Maricopa County Sheriff’s Office isolates undocumented inmates
By J.D. Long-García | February 19, 2009 | The Catholic Sun
Print and broadcast journalists, including a news helicopter, flocked to see it.
In the span of 15 minutes, the Maricopa County Sheriff’s Office marched some 200 undocumented immigrants from the Durango Jail complex to a segregated area in the “Tent City” detention center.
According to Sheriff Joe Arpaio, the Feb. 4 move to the adjacent tent facility helps deal with overcrowding and rising costs.
“It’s easier,” the sheriff said before ordering the transfer. “They’re all up for deportation. As soon as they complete their sentence, they will be deported to the country that they came from.”
While the immigrants walked from the jail, chained at the feet and to each other, some 30 protestors demonstrated outside the facility.
“It was clearly a publicity stunt,” said Chris Fleischman, a parishioner at All Saints Catholic Newman Center. “If it was just an ordinary, run-of-the-mill transfer, he wouldn’t have attracted all of the cameras and all the protestors.”
The new location would be more secure, Arpaio said in a Feb. 3 statement, noting that the immigrants’ new location is surrounded by an electric fence.
“This is a population of criminals more adept perhaps at escape,” the sheriff said. “But this is a fence they won’t want to scale because they risk receiving quite a shock — literally.”
The protestors were not amused.
“This was something that was beyond the pale — to publicly humiliate people,” Fleischman said. “It’s just not something you can sit by and let happen without raising your voice.”
Inmates at the county jail wear pink underwear and striped uniforms. Arpaio’s deputies conduct sporadic sweeps for undocumented immigrants, pulling suspects over for minor traffic violations and asking for proof of legal residency.
Jason Odhner, who volunteers with No More Deaths, a humanitarian effort on the U.S.-Mexico border, joined Fleischman at the demonstration. He hoisted a sign that read, “No Human Being is Illegal.”
“I hope that people can learn not to be afraid of their neighbors,” he said. “We need to learn to love each other in Maricopa County and I don’t think that’s too much to ask.”
Maricopa County Supervisor Mary Rose Wilcox was more aggressive in her comments.
“He’s segregating people. He’s parading them before the media,” she said. “Do you see him doing that to other inmates?”
Arpaio’s efforts to fight illegal immigration will be boosted by a $1.6 million allocation recently approved by the state government. Immigrant rights advocates fear more arrests and sweeps.
“We’re going to demand that these stunts stop,” Wilcox said, adding that the transfer wouldn’t do much for rising costs. “We have to begin to fight back. No longer will we tolerate this.”

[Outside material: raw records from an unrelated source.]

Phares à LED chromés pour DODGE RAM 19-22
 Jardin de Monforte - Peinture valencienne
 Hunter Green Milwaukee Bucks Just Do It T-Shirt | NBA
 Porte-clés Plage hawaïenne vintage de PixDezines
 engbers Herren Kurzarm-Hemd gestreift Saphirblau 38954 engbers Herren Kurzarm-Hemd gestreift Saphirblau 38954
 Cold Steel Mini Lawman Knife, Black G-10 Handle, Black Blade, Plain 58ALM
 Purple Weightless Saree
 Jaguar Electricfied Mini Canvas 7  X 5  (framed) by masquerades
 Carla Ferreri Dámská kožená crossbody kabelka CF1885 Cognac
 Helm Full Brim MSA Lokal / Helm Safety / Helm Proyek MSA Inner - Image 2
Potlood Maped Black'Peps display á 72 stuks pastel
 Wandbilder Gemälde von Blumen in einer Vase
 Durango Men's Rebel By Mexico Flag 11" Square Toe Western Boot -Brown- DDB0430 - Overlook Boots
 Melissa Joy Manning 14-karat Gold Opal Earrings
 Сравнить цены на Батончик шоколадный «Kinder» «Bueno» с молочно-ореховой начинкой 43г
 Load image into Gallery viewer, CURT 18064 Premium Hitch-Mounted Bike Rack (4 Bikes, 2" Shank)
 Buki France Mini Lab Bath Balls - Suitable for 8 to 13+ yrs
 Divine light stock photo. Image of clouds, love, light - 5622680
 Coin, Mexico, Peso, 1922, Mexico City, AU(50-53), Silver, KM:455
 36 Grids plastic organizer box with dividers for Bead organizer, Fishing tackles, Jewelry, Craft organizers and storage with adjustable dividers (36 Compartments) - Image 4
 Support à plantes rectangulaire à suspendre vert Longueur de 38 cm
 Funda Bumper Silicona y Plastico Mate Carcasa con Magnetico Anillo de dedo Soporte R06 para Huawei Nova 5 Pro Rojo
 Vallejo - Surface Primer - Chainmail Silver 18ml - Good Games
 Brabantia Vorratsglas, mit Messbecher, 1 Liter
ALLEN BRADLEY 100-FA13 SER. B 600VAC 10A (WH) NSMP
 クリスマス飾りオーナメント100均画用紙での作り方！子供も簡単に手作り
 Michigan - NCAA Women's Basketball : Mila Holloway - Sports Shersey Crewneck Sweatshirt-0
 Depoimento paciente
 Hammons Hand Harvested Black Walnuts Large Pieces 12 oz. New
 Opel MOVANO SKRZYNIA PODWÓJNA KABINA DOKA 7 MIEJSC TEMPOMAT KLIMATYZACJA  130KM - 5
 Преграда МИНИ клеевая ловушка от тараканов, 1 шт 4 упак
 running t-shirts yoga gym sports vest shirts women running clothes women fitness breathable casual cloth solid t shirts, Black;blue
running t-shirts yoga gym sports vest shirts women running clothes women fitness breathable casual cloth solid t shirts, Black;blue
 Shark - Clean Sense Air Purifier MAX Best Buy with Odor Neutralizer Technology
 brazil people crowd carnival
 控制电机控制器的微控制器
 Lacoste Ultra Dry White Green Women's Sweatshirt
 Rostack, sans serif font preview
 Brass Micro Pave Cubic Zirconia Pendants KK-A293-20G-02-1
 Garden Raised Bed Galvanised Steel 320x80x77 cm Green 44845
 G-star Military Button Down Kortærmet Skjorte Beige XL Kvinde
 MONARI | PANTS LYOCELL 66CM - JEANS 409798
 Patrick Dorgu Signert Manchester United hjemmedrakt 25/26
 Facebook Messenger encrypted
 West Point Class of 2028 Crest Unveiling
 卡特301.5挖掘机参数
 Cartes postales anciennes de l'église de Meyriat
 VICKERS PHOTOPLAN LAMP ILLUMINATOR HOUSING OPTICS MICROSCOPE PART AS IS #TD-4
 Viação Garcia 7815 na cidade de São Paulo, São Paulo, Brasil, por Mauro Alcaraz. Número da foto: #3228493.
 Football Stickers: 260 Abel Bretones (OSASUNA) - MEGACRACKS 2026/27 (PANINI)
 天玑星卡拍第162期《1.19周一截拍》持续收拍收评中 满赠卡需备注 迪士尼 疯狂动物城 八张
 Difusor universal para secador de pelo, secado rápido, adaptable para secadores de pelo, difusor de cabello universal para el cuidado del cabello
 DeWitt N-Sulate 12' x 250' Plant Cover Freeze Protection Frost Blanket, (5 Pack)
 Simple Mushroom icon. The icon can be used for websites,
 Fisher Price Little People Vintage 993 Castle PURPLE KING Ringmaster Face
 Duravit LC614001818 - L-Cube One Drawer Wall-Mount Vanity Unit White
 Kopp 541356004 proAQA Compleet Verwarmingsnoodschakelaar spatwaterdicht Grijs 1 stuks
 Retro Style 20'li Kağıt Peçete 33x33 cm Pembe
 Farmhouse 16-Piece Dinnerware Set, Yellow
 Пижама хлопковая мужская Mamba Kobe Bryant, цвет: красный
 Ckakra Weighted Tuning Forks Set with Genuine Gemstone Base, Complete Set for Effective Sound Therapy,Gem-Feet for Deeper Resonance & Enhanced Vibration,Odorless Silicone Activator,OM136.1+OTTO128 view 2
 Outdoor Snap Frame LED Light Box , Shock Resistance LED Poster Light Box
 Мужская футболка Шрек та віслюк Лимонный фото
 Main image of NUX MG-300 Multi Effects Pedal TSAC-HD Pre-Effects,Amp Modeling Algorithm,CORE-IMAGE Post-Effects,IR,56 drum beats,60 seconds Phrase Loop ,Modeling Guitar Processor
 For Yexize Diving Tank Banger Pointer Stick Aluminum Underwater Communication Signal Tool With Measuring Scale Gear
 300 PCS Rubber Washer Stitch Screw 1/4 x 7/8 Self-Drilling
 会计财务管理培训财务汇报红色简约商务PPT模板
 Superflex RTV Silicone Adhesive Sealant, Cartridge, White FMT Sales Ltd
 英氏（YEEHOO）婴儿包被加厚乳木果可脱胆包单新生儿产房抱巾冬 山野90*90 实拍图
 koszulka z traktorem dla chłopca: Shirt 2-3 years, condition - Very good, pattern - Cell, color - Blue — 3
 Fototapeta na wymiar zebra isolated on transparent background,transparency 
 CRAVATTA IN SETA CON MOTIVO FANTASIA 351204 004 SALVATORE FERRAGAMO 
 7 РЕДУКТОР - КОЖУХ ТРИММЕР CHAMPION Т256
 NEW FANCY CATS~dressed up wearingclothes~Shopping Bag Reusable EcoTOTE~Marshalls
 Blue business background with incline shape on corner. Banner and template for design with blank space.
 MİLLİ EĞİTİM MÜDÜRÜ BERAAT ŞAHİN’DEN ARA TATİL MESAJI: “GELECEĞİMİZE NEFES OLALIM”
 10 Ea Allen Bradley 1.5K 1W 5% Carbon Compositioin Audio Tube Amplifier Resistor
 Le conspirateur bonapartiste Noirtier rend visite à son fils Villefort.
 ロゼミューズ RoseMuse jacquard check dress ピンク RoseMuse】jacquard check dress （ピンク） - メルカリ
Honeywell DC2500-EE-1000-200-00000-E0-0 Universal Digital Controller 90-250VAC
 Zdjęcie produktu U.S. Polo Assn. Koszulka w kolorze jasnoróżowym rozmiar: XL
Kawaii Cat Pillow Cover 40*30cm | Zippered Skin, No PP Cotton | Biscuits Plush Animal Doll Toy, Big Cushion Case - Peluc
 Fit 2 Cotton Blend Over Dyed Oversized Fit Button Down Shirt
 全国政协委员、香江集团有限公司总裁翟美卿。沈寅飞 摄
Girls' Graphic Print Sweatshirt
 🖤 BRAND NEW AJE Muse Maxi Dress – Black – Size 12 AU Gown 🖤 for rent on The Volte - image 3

Monica Sandschafer, state organizer of the Association of Community Organizations for Reform Now, or ACORN, accused Arpaio of creating a “media circus.”
“We came out here to stand for human dignity for all and to let the detainees know that they had our support,” she said. “For me it is an important moment to stand for human dignity in a time of such blatant disregard for it.”
Jose Robles, director of Hispanic Ministry for the Phoenix Diocese, said he was “disappointed in the public display of these undocumented persons.”
“This will add to the existing immigration rhetoric,” he said, emphasizing that both sides need to engage in civil discourse.
Robles also said local Church leadership recognized that law enforcement agencies have a mandate to uphold the law.
“We remind law enforcement officials that the respect and dignity of every human person is a fundamental teaching of our Catholic faith,” he said. “We ask again that our local law enforcement act in a manner that respects the human person and does not target a specific ethnic group.”
Kevin Appleby, director of immigration and refugee policy for the U.S. Conference of Catholic Bishops, learned of the inmates’ segregation from Washington.
“From a distance, it looks like the sheriff is going beyond the needs of law enforcement,” he said.
“Shackling people and marching them before the public is not in keeping with the values that all Americans share,” Appleby said. “It’s sad that a law enforcement officer would subject people to that kind of treatment simply for publicity.”